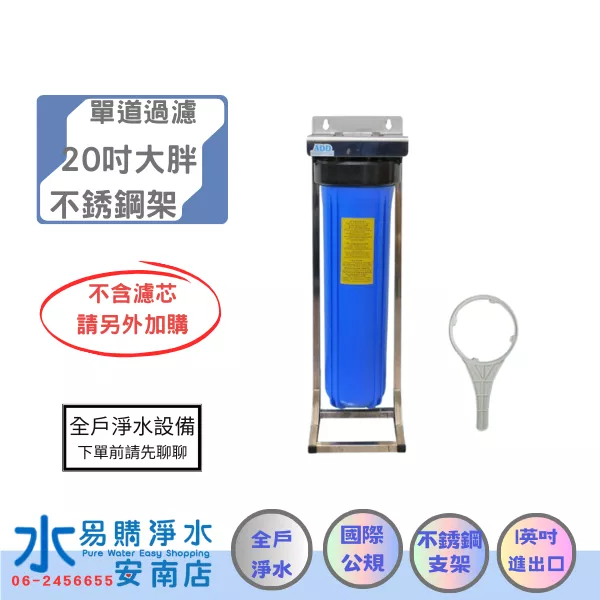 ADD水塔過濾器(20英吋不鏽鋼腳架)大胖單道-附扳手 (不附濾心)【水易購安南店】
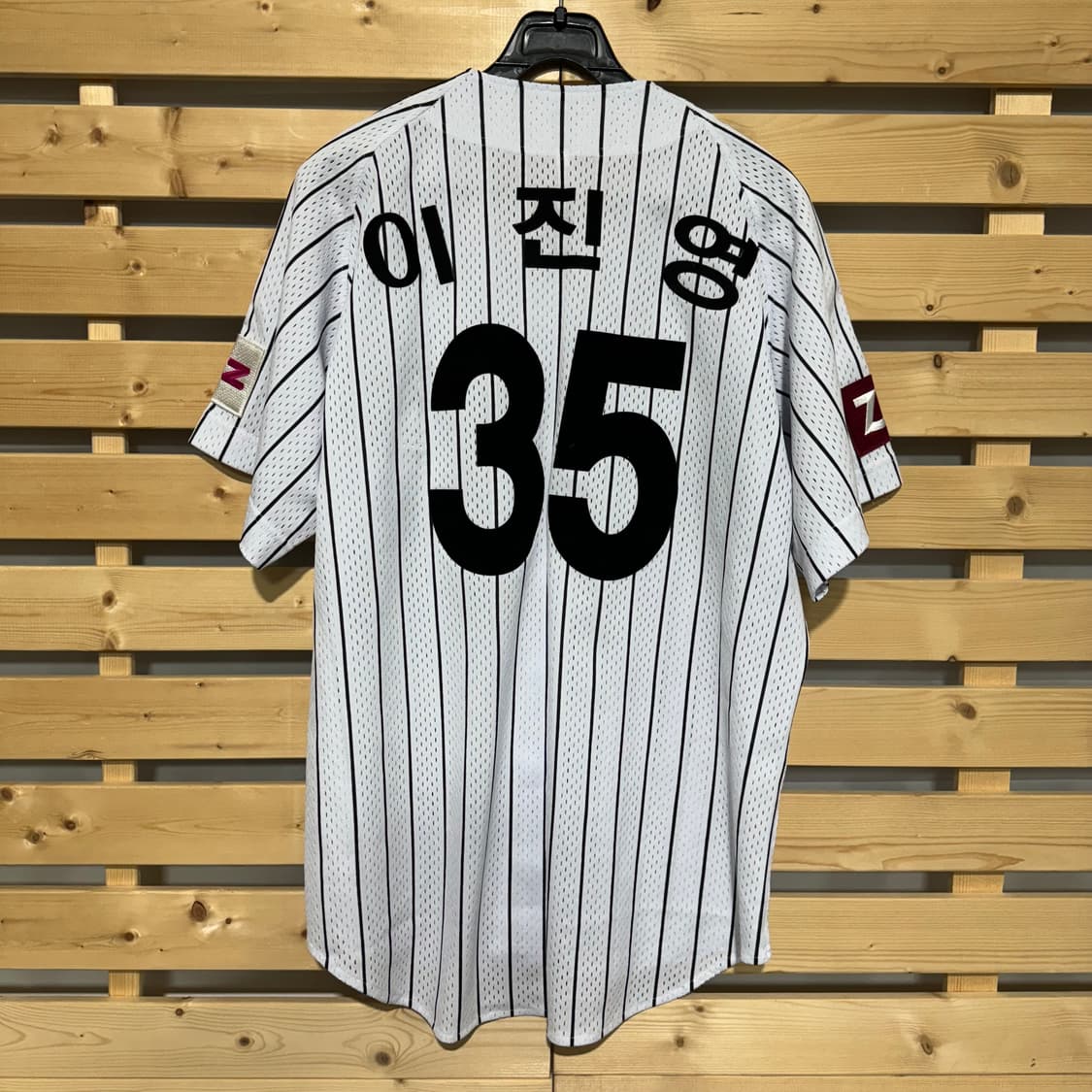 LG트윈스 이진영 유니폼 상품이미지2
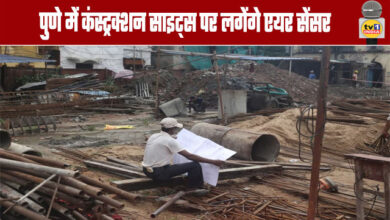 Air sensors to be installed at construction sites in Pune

□ □ □ □ □

Work instruction: Set down word for word, from the line that contains "LG트윈스 이진영 유니폼 상품이미지2" to the end of the listing above, every line and no picture.

Answer to the problem:
 LG트윈스 이진영 유니폼 상품이미지2
 Air sensors to be installed at construction sites in Pune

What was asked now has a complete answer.